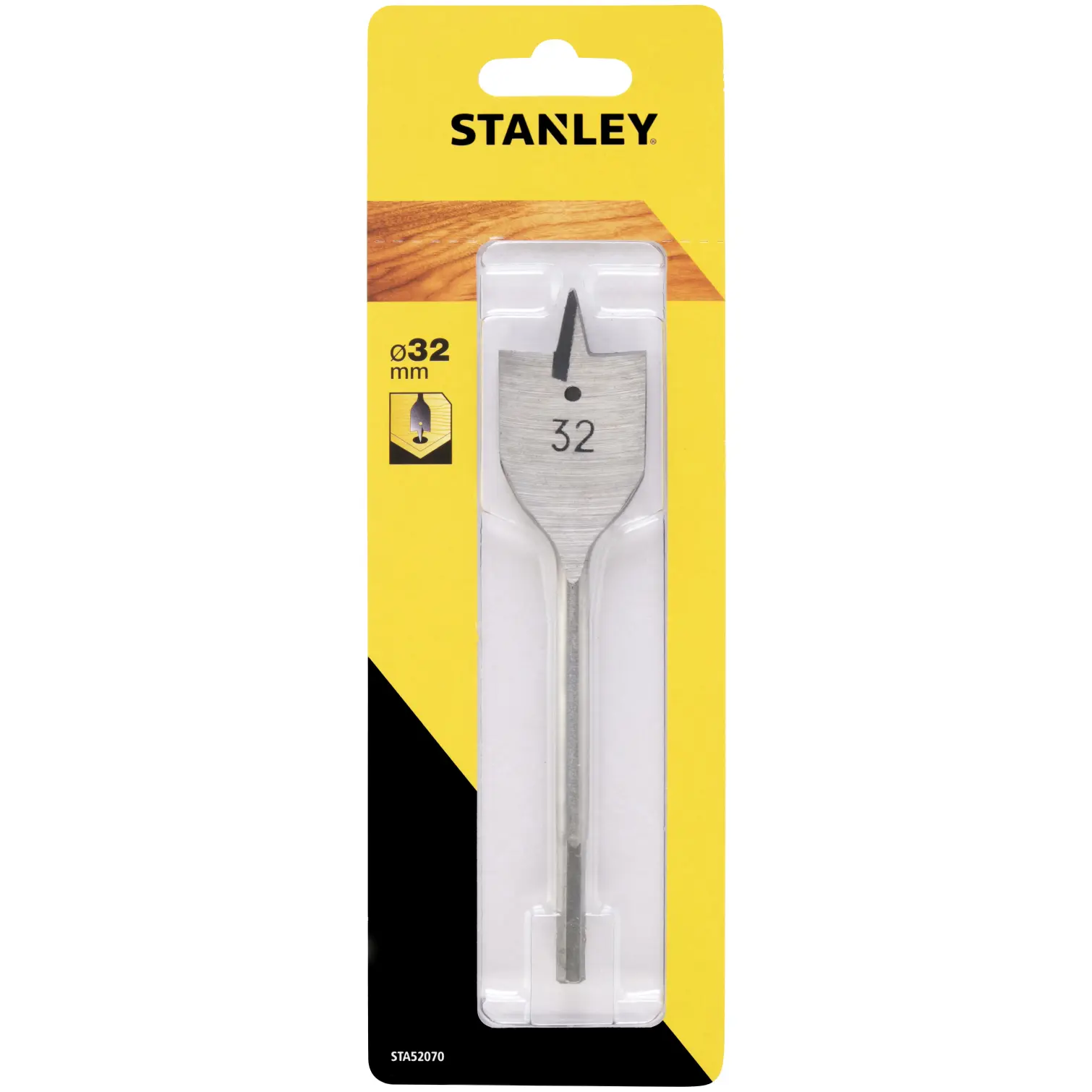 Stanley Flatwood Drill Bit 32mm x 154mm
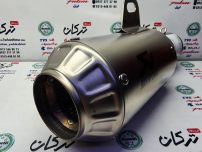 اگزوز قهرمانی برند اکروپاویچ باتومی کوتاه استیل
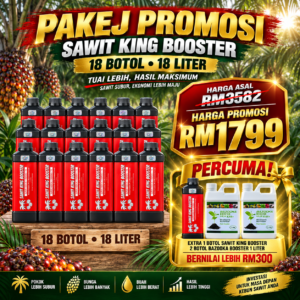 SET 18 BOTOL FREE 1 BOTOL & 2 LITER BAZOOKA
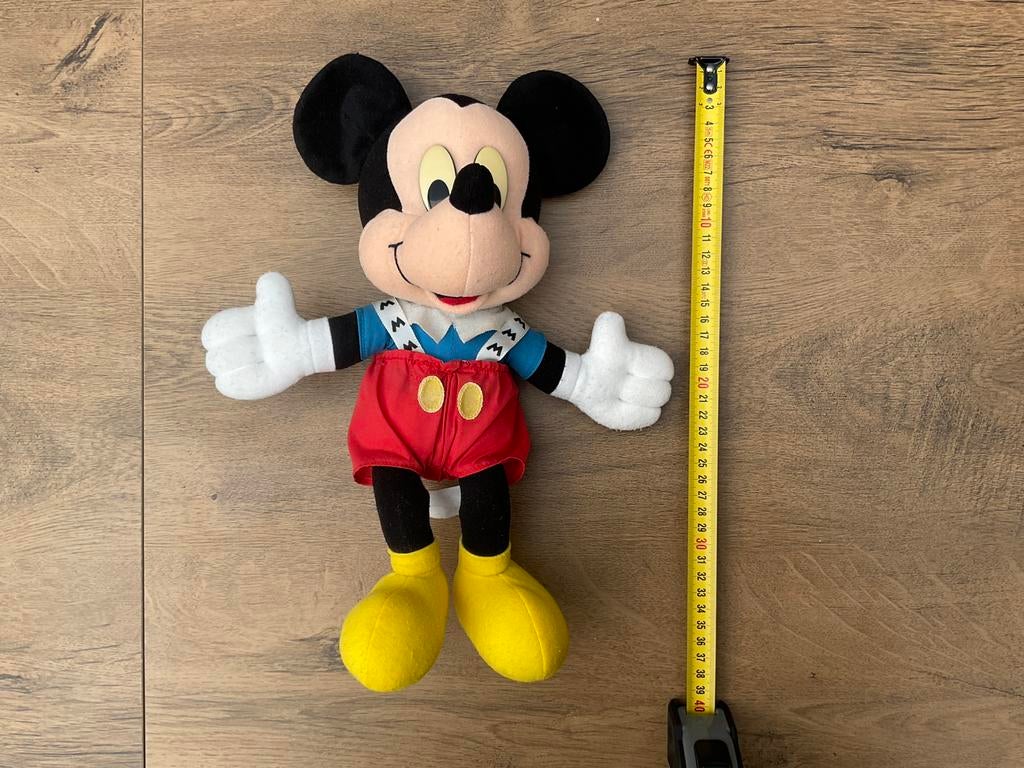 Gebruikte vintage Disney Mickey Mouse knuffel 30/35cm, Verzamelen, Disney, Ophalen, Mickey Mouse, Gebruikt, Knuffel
____________________
◆ Instructions for the task:
The whole listing above, line by line, needs to be copied exactly, except for any images.

◆ Result of the task:
 Stanley Flatwood Drill Bit 32mm x 154mm
 اگزوز قهرمانی برند اکروپاویچ باتومی کوتاه استیل
 SET 18 BOTOL FREE 1 BOTOL & 2 LITER BAZOOKA
 Gebruikte vintage Disney Mickey Mouse knuffel 30/35cm, Verzamelen, Disney, Ophalen, Mickey Mouse, Gebruikt, Knuffel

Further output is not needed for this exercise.